We met a friend of Maruja’s in Huaraz named Walter who was keen to do a hike with us so we invited him along on our trek. For the next two days, we enjoyable an easy trek along the backbone of the Cordillera Negra. We experienced solitude, unbeatable views across the valley to the Cordillera Blanca, and a unique opportunity to meet local farmers that hardly ever bumped into touristas like us. After descending to the village of Yungar, we found a collectivo to take us back to Huaraz.

The next day, after saying goodbye to Maruja and Gilf, we boarded the bus for the 8 hour ride back to Lima. In Lima, Jason and I parted ways. Jason was heading back to the US the following morning and I was heading to the city of Cusco to meet my wife Michelle for the next leg of our Peru journey.

 

Cusco and Machu Picchu

After spending the night in Mira Flores, I took a 1 hour plane ride to the city of Cusco to meet up with Michelle, who had gone to Cusco a few days ahead of me to acclimatize to the 11,000 foot altitude there. It was a good thing that she went to Cusco a few days early – she was pretty ill with altitude sickness for the first day and a half.
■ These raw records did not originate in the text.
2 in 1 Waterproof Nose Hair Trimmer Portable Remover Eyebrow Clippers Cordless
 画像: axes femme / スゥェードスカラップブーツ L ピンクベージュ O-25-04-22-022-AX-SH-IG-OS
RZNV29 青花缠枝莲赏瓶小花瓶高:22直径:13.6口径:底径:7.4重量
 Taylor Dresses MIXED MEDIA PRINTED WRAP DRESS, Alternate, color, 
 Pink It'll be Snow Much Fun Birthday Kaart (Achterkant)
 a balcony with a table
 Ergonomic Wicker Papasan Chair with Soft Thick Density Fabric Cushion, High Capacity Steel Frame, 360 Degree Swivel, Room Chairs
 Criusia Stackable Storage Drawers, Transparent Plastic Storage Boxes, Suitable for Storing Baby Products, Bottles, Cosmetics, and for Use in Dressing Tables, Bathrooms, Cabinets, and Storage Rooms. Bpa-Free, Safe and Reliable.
After a few days of sight-seeing in and around the ancient Inca capital city of Cusco, including the ruins of Sacsayhuaman, we did a day trip to the Sacred Valley and the Inca ruins of Pisac. The next day, we boarded a train for a 3 day visit to Machu Picchu – the lost city of the Inca. Machu Picchu was one of the most spectacular and special places that I have ever been to, and we enjoyed nearly 3 days there exploring, taking photos and taking in the natural beauty and history of the place. After Machu Picchu, we spent a few more days in Cusco, inducing a visit to the ruins of Tipon, the Water Temple.

After our visit to Cusco, we flew back to Lima and spent the afternoon exploring Mira Flores with a friend that Michelle had made on her flight from the US to Lima. The following morning, we took our flight back to the US, concluding a fantastic trip of world-class climbing, incredible sightseeing and unforgettable cultural experiences.